The Penn Treebank is a corpus of English text annotated with part-of-speech tags and full syntactic structure, built at the University of Pennsylvania by Mitchell Marcus, Beatrice Santorini, Mary Ann Marcinkiewicz, and Ann Taylor. The most widely used release, Treebank-3 (LDC catalog number LDC99T42, 1999), contains over a million words of annotated material, including Wall Street Journal articles from 1989, Brown Corpus text, Switchboard telephone conversations, and ATIS material. About 2,499 Wall Street Journal stories were given detailed syntactic bracketing.

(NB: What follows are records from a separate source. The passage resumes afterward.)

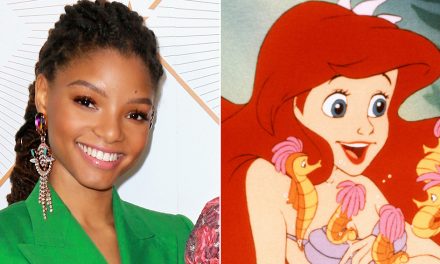 Black Ariel and the Power of Representation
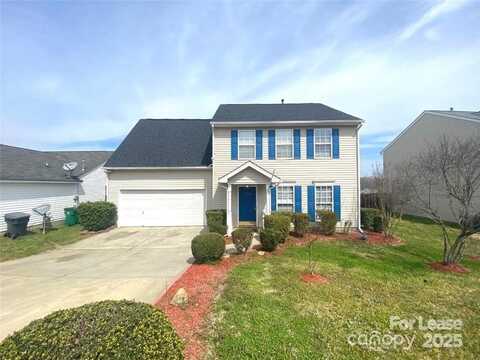 7115 Smithton Lane, Charlotte, NC 28213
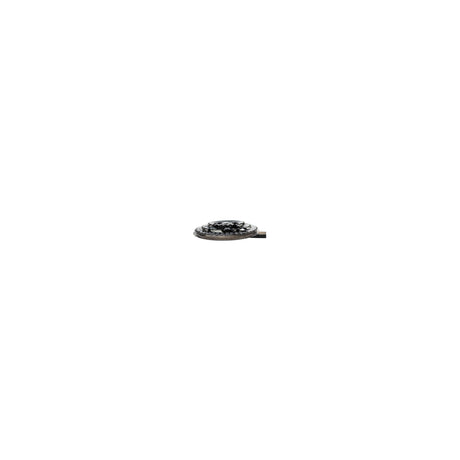 Crank Set 48 38 28t 8sp noir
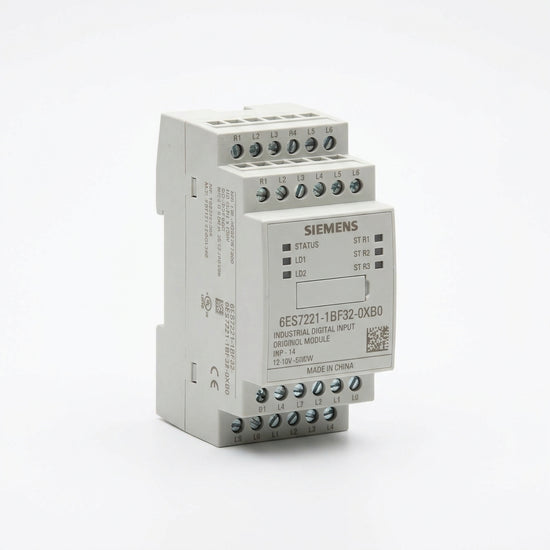 Siemens 6ES7221-1BF32-0XB0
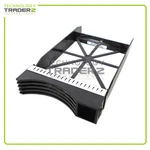 Lot Of 7 42D3315 Ibm E-ddm Hard Drive Blank Filler ***pulled*** Used. Price: $33.99.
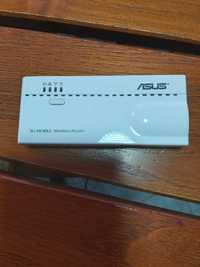 Asus router wireless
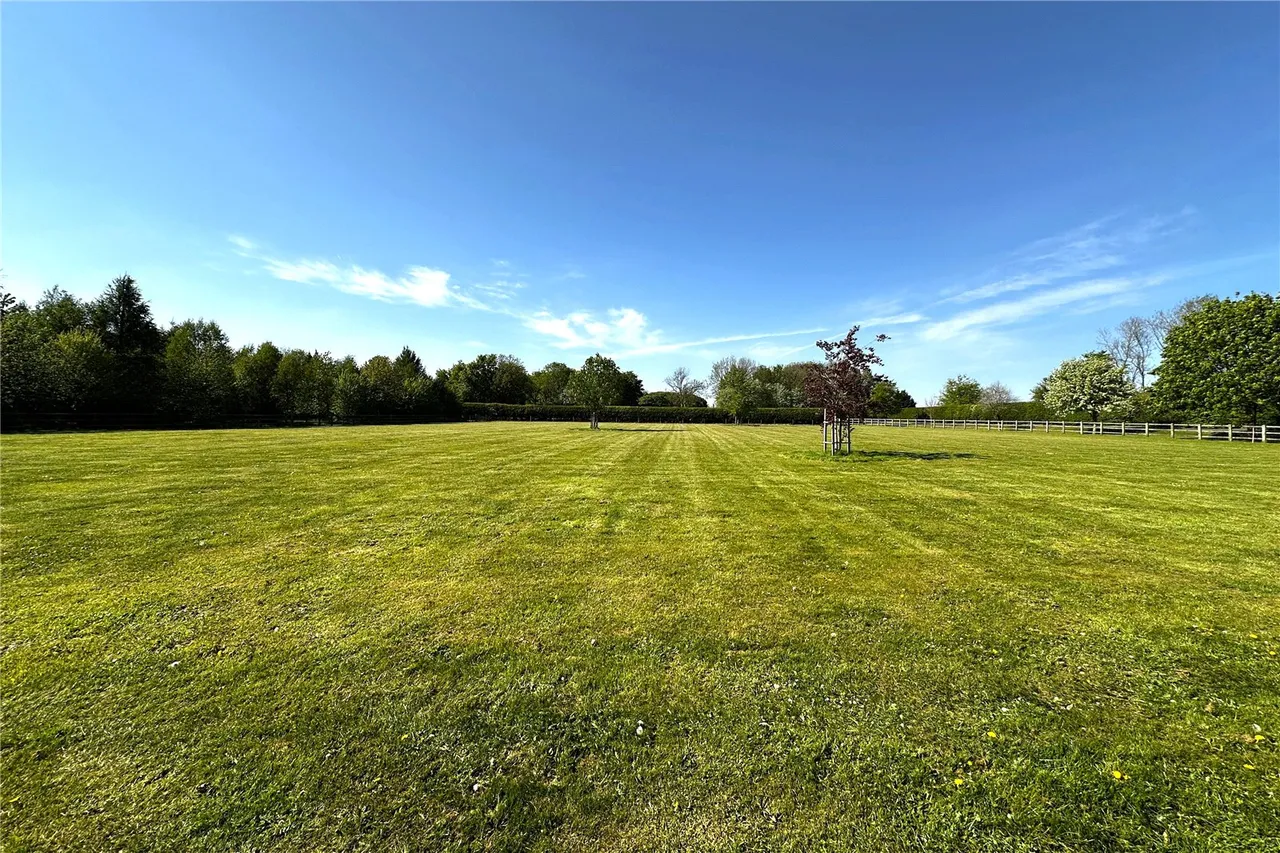 Elsham Wolds, Elsham, photo 45
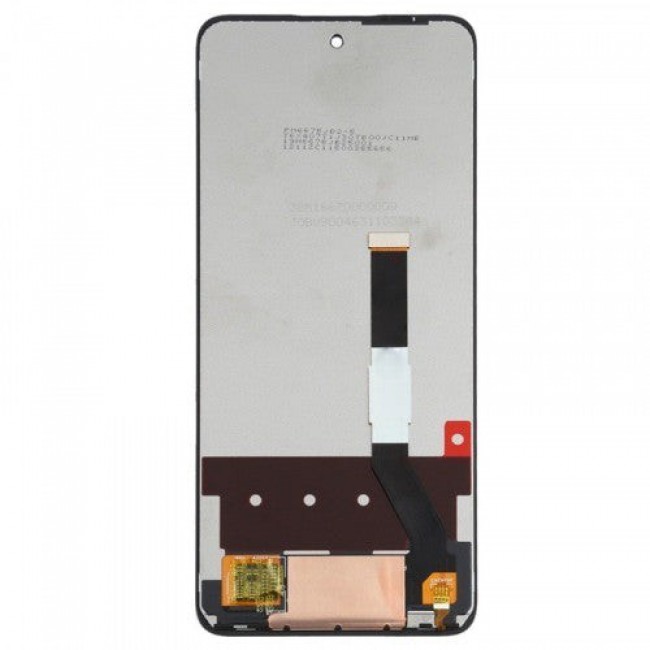 LCD Screen Replacement for Motorola One 5G Ace (Motorola Moto G 5G)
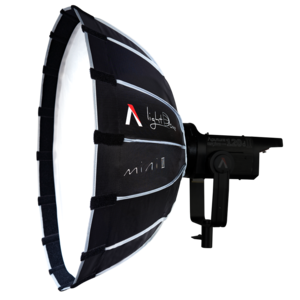 Aputure Light Dome Mini II ソフトボックスの+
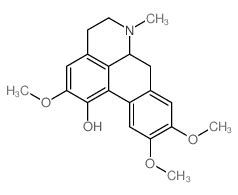 Cas H Dibenzo De G Quinolin Ol A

Its bracketing style was designed so that predicate-argument structure could be extracted from the parse trees, which made the corpus directly useful for training and evaluating parsers. For roughly two decades, “the Penn Treebank” was effectively synonymous with the standard parsing benchmark: a particular train/development/test split of the Wall Street Journal sections became the fixed comparison point that nearly every syntactic parser was measured against.
The same Wall Street Journal text also became a standard language-modeling benchmark, reported as perplexity, and was a common testbed for recurrent and LSTM language models in the years before large web-scale corpora and Transformers. For business readers, the Penn Treebank is a clear case of how expensive, expert hand-annotation - linguists bracketing sentences one at a time - created a shared measuring stick that an entire research community could build on for years.